Interactive Streamlit application for tuning multiclass classification thresholds, visualising performance metrics, and exporting analysis artifacts.
This README summarises the current implementation, how to run the app, how to exercise the testing stack, and how to stress-test the system with the synthetic data tools bundled in this repository.
- Upload logits or probability CSVs in "wide" or "long" form, automatically infer column mappings, and optionally override selections via the sidebar.
- Apply activation functions (none, softmax, sigmoid, sigmoid_5) with per-class thresholding and fallbacks.
- Compute confusion matrices, ROC/PR curves, aggregated metrics, and Youden's J statistics with robust handling for zero-support classes.
- Export metrics, ROC figures, and prediction CSVs with consistent timestamps.
- Generate synthetic datasets with configurable edge cases (class imbalance, near-threshold noise, missing scores, extremes, duplicates).
app/main.py— Streamlit entrypoint and UI logic.app/utils/metrics.py— Metric aggregation, ROC/Youden handling, and summary dataclasses.app/utils/thresholds.py— Threshold application and optimal Youden threshold computation.app/utils/data_io.py— CSV loading, schema validation, and score matrix preparation.app/utils/plots.py— Confusion matrix and ROC figure generation.app/utils/exports.py— Metrics, figures, and predictions export helpers.tests/test_metrics.py&tests/test_thresholds.py— Focused regression coverage for metrics and threshold edge cases.tests/test_data_io.py— Column inference, selection, and score matrix preparation coverage.tests/generate_synthetic_data.py— CLI generator for synthetic datasets with optional edge-case injection.

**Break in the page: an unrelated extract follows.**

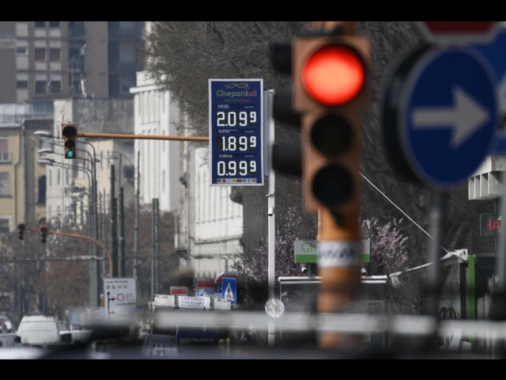 Codacons, senza sconto accise la benzina a 2,01 euro, il gasolio a 2,22 euro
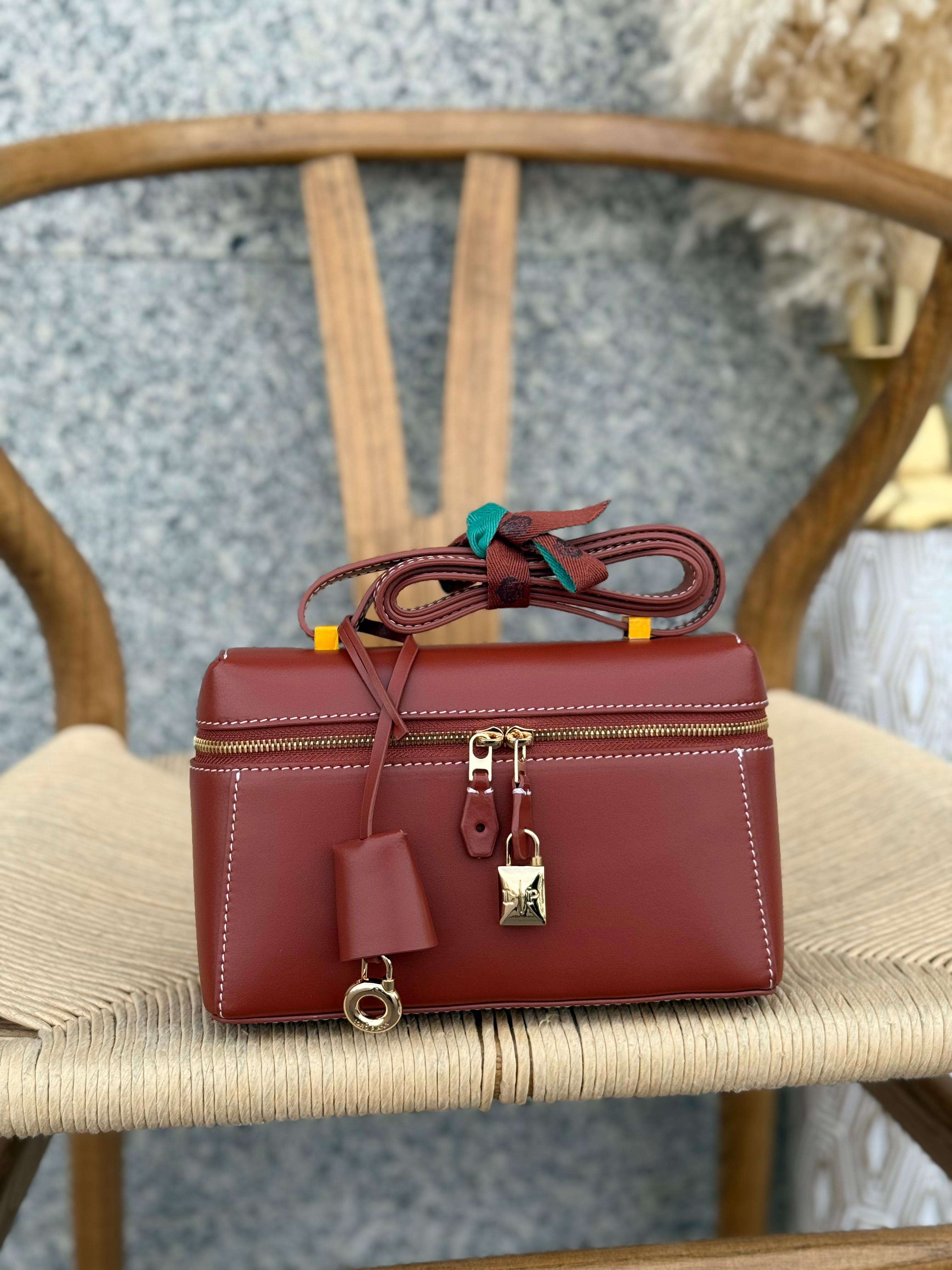 Loro Piana Extra Bag L27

This project uses uv to manage Python execution. Install uv if it is not already available:
curl -LsSf https://astral.sh/uv/install.sh | shInstall the project dependencies (uv will create an isolated environment automatically):
uv sync- Ensure the dependency environment is prepared (see above).
- Start the application with uv:
source .venv/bin/activate
streamlit run app/main.py- Open the URL shown in the console (defaults to http://localhost:8502/) to interact with the UI.

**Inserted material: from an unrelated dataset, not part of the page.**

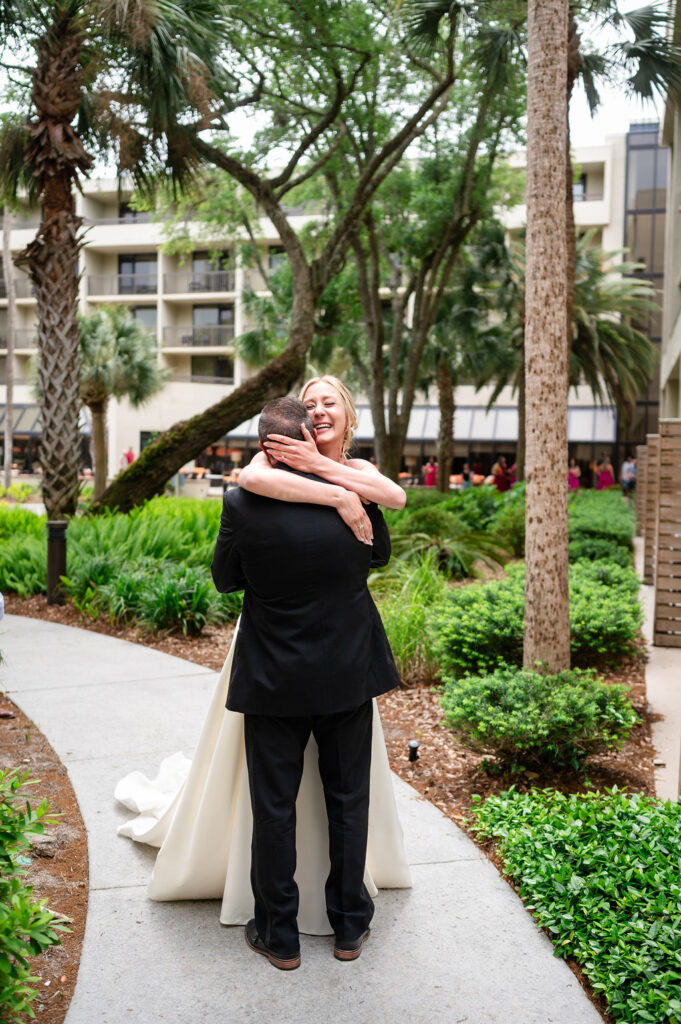 Hanna and father emotional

Use this checklist while validating the UI with large synthetic datasets (e.g. tests/synthetic_data/synthetic_50k_wide.csv and tests/synthetic_data/synthetic_50k_long.csv):
- Data loading succeeds for both wide and long formats (auto delimiter detection works).

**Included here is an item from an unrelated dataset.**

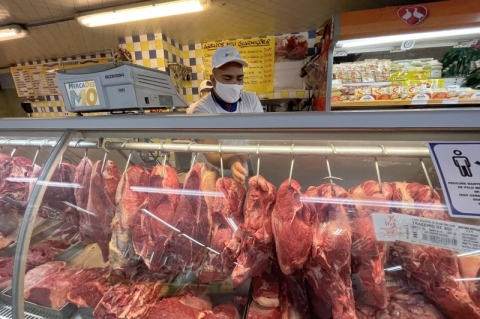 Inflação desacelera em novembro, mas alimentos voltam a pressionar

- Activation selection (none, softmax, sigmoid, sigmoid_5) updates the probability interpretation.
- Global and per-class threshold sliders respond immediately, including automatic Youden-derived modes.
- Metrics cards update accuracy / macro metrics; micro & macro AUC render as expected for missing-support classes.
- Confusion matrix, ROC overlays, and PR curves render without errors at 50k+ rows.
- Exports (metrics, ROC figures, confusion matrix, predictions) write files into
app/outputs/without exceptions.
A dedicated Column Mapping panel in the sidebar now guides dataset setup:
- The app inspects the uploaded CSV and proposes defaults for layout (wide vs. long), true label, sample identifier, and score columns.
- You can override any proposed column with dropdowns and multiselects—ideal when headers differ from the defaults (e.g.
ground_truth,probability,pred_label). - Changing mappings resets cached thresholds and filters to keep the UI aligned with the current dataset.
The resulting selection is passed to app/utils/data_io.py through ColumnSelection so downstream validation and preprocessing stay consistent.
- Recommended columns: a true-label column plus one score/logit column per class (
score_{class_name}/logit_{class_name}etc.). - Optional columns: sample identifiers or metadata (retained in exports).
- Example header:
sample_id,true_label,score_class_00,score_class_01,.... - If your headers differ, use the Column Mapping panel to identify the true label and score columns explicitly.
- Recommended columns: true label, predicted class/category, numeric score/logit per row.
- Optional columns: sample identifier for grouping repeated rows, plus any additional metadata.
- Each row encodes a (sample, class) pair; the loader pivots to wide matrices automatically.
- Override the predicted class, score, and sample identifier selections in the Column Mapping panel when the defaults do not match.
Data validation enforces non-empty datasets, consistent class coverage, and infers class order from observed columns. Missing logit values are imputed to -inf before activation to avoid threshold leakage.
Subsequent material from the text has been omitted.